Reverse a normalization for whenever you want to know the value in its original context.  For instance if we want to know the original value of something in normalized space.  Or, you want to know the original value at the 75th percentile.
 
Remember that linear normalization applies this pattern: 

`xNorm = (x - offset)/spread` 

Where: 
- x is a numeric variable
- offset is a scalar that shifts variable x lower or higher
- spread is a scalar that re-scales variable x to a smaller or larger spread
- xNorm is the normalized variable

Reverse normalization is:
`x = xNorm*spread + offset` 

In [None]:
print('Original    ', 'min:{:0.2f}; mean:{:0.2f}; max:{:0.2f}; std:{:0.2f}'.
      format(np.min(x1), np.mean(x1), np.max(x1), np.std(x1)))

# Z-Normalize the variable
offset = np.mean(x1)
spread = np.std(x1)
xNorm = (x1 - offset)/spread

print('Z-Normalized', 'min:{:0.2f}; mean:{:0.2f}; max:{:0.2f}; std:{:0.2f}'.
      format(np.min(xNorm), np.mean(xNorm), np.max(xNorm), np.std(xNorm)))

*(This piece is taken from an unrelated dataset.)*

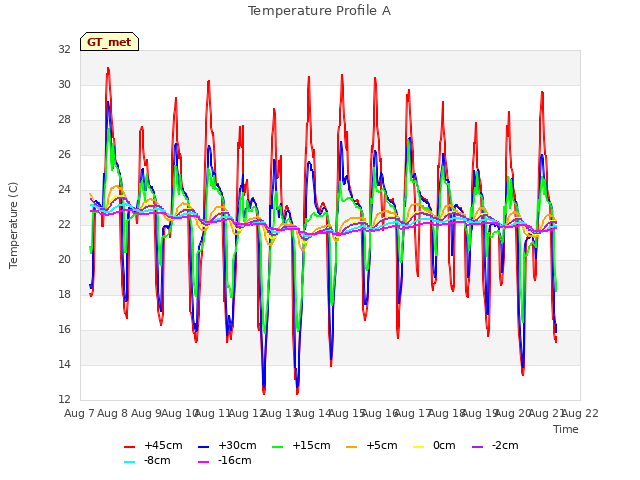 plot of Temperature Profile A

### The wrong way to denormalize
Get the offset and spread from the normalized variable and apply them to the de-normalization formula.

In [None]:
# Incorrect Denormilaztion
offset = np.mean(xNorm)
spread = np.std(xNorm)
x1_wrong = xNorm*np.std(xNorm) + np.mean(xNorm)

print('Wrong way De-normalized', 'min:{:0.2f}; mean:{:0.2f}; max:{:0.2f}; std:{:0.2f}'.
      format(np.min(x1_wrong), np.mean(x1_wrong), np.max(x1_wrong), np.std(x1_wrong)))

#### Why is above denormalization attempt incorrect?
We want the denormalized variable to be the same as the original variable.
Compare the values of the x-coordinates (min, mean, max, std) of this denormalization attempt with the x-coordinates of the original and the normalized variables.
What are the values of the spread and offset?

### Correct Denormalization
Get the offset and spread from the original variable and apply them to the de-normalization formula

In [None]:
# Correct Denormilaztion
offset = np.mean(x1)
spread = np.std(x1)
x1_correct = xNorm*spread + offset

print('Correctly De-normalized', 'min:{:0.2f}; mean:{:0.2f}; max:{:0.2f}; std:{:0.2f}'.
      format(np.min(x1_correct), np.mean(x1_correct), np.max(x1_correct), np.std(x1_correct)))

#### Why is above denormalization attempt correct?
We want the denormalized variable to be the same as the original variable.  Therefore, we need to use the same parameters in the de-normalization formula that we used in the normalization formula.

Compare the values of the x-coordinates (min, mean, max, std) of this denormalization attempt with the x-coordinates of the original and the normalized variables.